Afterward, he took me over to the radio station where he hosts a bluegrass show on Sunday afternoons. He said he trys to play as much old-time music during his show as he can. He wanted me to email in a request on Sunday during the show but I was unable to as my wife had me cleaning the house all morning (after church) in preparation for an old-time music jam that we had outside my house. Go figure.
I host a monthly jam on the fourth Sunday of each month, as we are trying to build an old-time music community in and around Fort Wayne. It starts at 2:30 p.m. Appearing for the first time at our jam was Matthew Kattinsky, who recently moved to Indiana from Vermont. Matthew is an accomplished guitar player and at the beginning level with fiddle, which we desperately need at our jams.
So I got to play music both Saturday and Sunday and am starting to feel more positive about the old-time music scene in Northeast Indiana. I think we have the makings of something good.
On Thursday, after work, I leave for Pikeville, Tenn. for what is called "Gil-fest." It's a private party on a 300-acre spread on beautiful surroundings in the Sequauchie Valley.
Gil Sewell, my friend and an accomplished fiddle player, throws this party on the Saturday before Labor Day every year. More than 100 old-time musicians from Alabama, Tennessee, and Georgia will be camping and playing music on Gil's property. I am driving eight hours to be there. It's about the most fun I can have with my clothes on.
Monday, August 25, 2008 @10:58:18 AM
If you weren't 190 miles away, I would be tempted to come to your jam. For now, you in your small corner, and I in mine. Keep up your good work and your networking and it will certainly bare more fruit as time goes by.
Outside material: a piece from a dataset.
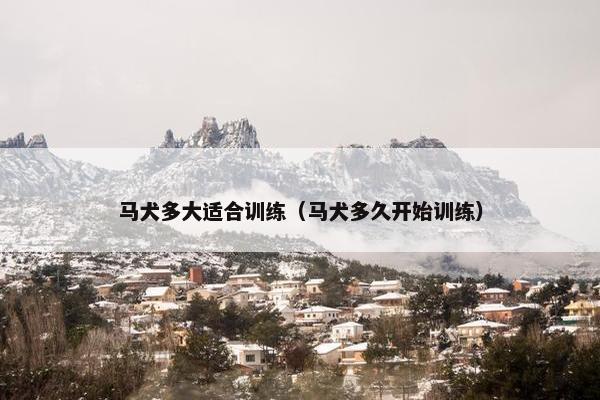 马犬多大适合训练（马犬多久开始训练）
I have learned that those who are into old-time, traditional folk music must network with each other for the sake of cross-pollenation and to preserve the music and culture for the next generation. Thank you for doing your part, here at the Banjo Hangout and in the field.
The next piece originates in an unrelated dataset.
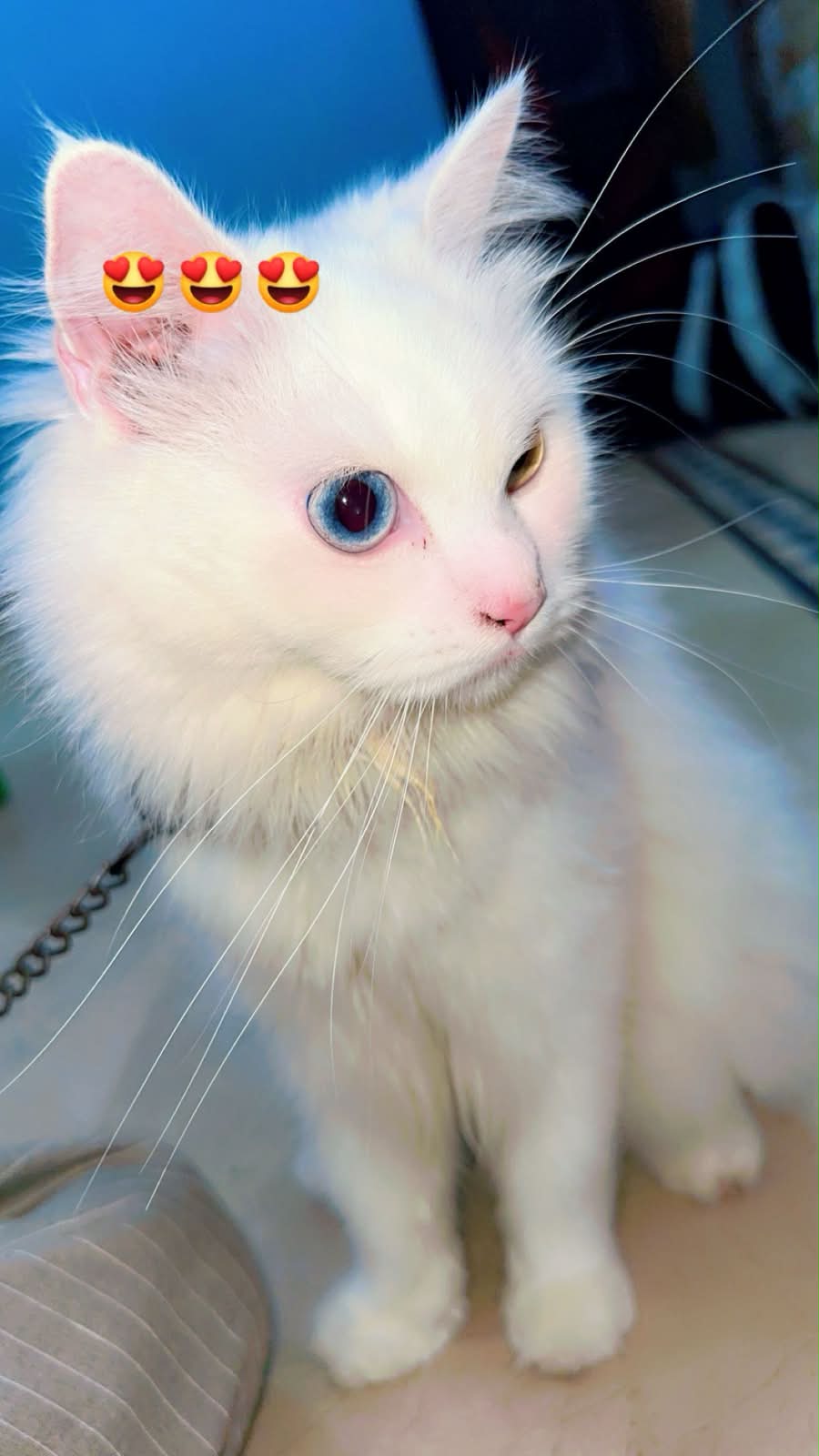 Persian cat vaccinated — photo 4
Monday, August 25, 2008 @4:35:07 PM
Well, thank you Mr. Faddler or should I call you Fiddler? LOL. You make a very good and important point about cross pollenation and preserving this music. As you well know, much of the tunes we play date back to the minstrel era and earlier. I feel lucky and honored when I am in the presence of a musician or musicians that play the old fiddle tunes. I do feel the history in it all and sometimes it makes me shiver. I hope our paths cross.